Sounds like marissa can’t afford an ice maker.

Colma Rising
Colma Rising
December 28, 2011 5:36 pm

What a fucking year, huh? I keep thinking of another and another and another event!

(Don’t forget that rapture stuff too hahahah)!!!

Novista
Novista
December 28, 2011 9:10 pm

And 358 days, Colma …

Persnickety
Persnickety
December 28, 2011 11:46 pm

Fuck sears, fuckity fuck fuck them. Their pricing model is dishonest. Try to return something without a receipt, day after Christmas and sealed in the plastic wrapper with the price tag on it, and their computer will grab an incredible lowball price out of thin air; maybe it’s the price that a damaged floor model was sold to an employee one time when the manager wasn’t looking. It’s a fraction of what you actually paid. A tiny fraction.

This happened to me last year with an unwanted item. I said fuck you, I found the receipt two days later and went back, got my actual purchase price back and swore never to buy from them again. I haven’t.

This would be more of a loss if they offered anything worth buying. “Craftsman” tools were pretty good until recently but it seems that the quality is declining, the warranty is only on very specific items, and a lot of them are now made in China. THE ENTIRE FUCKING REASON TO BUY CRAFTSMAN TOOLS IS TO BUY USA-MADE TOOLS WITH A LIFETIME WARRANTY. DO YOU HEAR ME FUCKERS? It’s not as if they are super wonderful apart from those two characteristics. Now I buy from the box stores and wonder when I’ll need to look up a Snap-On salesman.

I saw an analyst quoted as saying that Sears stores offered a “depressing” shopping experience, and he couldn’t be more right.

TeresaE
TeresaE
December 29, 2011 11:24 am

Admin, I remembered your prediction when I heard about the closures, see you are memorable.

Hub & I bought a chest freezer there last spring, and we found the same thing that MM found.

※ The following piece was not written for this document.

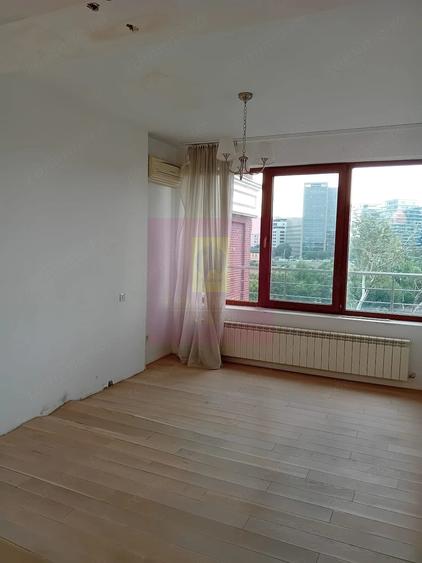 Apartament cu 4 camere semidecomandat în Floreasca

If we weren’t buying the latest/greatest, we were just a pain in the ass.

Because I couldn’t get a comparable size/model at the other bastards’ stores for comparable dollars and I could pick up/deliver myself, I actually had to go over to an in-Sears-store computer terminal and order and pay for it. To say I was pissed was an understatement.

That day the store was having some great sales, sales that I would have looked at because I buy my Christmas presents all year as I find great deals. Without going into one aisle, just shopping from the main drag, I would have spent a couple hundred easy.

Instead, I paid for the freezer online and left.

With business models like that, just how do they think they COULD succeed?

KB, as for Whirlpool, they may be “based” (tax-abated) in Michigan, but they sure as hell don’t “make” much there. Just a corp HQ surrounded by some of the worst ghetto Michigan’s SunSet side has to offer.

Most of their products are made in SE Asia and Mexico now, just a couple left in the good ole’ USA.

The saddest part of Sears’ demise is that we will never get the Craftsman house kits back. With the way the economy is going, those kits would enable millions to afford their housing again.

See, even in the face of demand, they sell the wrong thing.

Besides, screw Sears, they turned Craftsman tools into yet another pipeline for China. F’ them and KMart too.